**DESCRIPTION OF THE TASK:**
Scan the records for the string "Isolation", then copy each line that has it.

**EXTRACTED RECORDS:**
++++++++++++++++++++
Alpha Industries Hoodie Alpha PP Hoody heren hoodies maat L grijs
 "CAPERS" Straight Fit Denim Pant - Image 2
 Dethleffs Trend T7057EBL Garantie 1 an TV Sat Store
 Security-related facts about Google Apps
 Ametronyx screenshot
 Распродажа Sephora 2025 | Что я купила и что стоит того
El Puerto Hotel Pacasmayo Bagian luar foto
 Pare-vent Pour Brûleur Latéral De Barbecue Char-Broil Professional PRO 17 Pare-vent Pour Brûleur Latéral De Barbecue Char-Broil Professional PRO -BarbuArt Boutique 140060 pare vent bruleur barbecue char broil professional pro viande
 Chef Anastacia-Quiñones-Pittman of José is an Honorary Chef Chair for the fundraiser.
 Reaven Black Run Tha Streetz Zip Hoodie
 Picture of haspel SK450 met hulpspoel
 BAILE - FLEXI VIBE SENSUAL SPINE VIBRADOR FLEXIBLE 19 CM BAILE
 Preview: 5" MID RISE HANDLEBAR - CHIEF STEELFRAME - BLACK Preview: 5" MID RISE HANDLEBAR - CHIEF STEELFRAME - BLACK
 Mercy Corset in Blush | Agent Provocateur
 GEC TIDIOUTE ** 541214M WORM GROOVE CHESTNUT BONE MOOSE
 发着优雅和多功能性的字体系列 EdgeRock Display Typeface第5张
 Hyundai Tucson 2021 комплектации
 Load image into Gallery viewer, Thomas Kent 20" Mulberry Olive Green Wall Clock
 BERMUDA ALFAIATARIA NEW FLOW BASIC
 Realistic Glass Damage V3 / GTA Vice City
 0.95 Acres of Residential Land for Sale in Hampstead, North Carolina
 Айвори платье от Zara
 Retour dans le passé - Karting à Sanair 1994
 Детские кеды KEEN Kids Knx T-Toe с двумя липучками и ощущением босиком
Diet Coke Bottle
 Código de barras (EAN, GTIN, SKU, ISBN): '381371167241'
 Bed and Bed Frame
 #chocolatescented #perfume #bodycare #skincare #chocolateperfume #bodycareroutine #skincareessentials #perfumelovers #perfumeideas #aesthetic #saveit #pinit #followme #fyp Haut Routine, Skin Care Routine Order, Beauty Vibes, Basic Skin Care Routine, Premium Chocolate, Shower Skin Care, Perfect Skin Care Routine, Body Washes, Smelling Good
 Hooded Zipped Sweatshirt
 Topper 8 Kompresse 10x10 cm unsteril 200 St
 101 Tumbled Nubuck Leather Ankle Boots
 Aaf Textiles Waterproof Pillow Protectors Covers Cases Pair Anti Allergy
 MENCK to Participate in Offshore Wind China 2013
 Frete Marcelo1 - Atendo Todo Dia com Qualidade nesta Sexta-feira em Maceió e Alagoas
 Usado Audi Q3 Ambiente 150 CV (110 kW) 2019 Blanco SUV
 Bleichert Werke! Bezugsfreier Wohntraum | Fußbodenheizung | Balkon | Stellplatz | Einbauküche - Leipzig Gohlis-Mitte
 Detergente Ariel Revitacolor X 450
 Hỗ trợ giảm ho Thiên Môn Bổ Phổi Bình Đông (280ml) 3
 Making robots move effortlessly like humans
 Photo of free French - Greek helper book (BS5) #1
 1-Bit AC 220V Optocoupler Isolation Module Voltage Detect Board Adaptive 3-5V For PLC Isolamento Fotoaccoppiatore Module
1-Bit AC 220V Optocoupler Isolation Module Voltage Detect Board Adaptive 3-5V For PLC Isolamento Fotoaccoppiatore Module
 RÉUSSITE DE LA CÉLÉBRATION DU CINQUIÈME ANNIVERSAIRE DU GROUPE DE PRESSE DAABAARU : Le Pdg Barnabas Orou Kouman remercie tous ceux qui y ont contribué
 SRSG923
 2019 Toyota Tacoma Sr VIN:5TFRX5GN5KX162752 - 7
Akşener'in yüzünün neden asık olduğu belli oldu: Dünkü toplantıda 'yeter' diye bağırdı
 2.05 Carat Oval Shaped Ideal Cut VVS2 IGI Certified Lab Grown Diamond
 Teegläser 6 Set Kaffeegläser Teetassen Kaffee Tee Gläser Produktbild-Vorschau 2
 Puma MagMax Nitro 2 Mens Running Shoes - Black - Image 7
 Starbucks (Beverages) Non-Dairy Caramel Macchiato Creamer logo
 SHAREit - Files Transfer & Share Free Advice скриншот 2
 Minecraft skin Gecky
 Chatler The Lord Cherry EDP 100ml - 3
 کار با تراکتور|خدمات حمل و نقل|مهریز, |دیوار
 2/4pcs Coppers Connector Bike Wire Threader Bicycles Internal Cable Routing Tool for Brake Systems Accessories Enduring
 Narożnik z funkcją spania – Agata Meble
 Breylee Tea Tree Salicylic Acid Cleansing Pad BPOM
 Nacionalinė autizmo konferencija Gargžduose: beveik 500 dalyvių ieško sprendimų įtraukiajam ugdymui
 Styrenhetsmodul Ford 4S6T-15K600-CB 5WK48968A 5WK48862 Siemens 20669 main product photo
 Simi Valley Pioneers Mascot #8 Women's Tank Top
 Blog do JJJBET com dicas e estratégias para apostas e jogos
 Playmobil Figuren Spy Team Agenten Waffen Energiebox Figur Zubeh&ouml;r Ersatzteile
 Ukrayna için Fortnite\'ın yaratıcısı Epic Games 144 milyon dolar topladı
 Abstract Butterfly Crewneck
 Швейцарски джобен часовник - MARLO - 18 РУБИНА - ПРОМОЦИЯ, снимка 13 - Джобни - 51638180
++++++++++++++++++++
**ANSWER SECTION:**
 1-Bit AC 220V Optocoupler Isolation Module Voltage Detect Board Adaptive 3-5V For PLC Isolamento Fotoaccoppiatore Module
1-Bit AC 220V Optocoupler Isolation Module Voltage Detect Board Adaptive 3-5V For PLC Isolamento Fotoaccoppiatore Module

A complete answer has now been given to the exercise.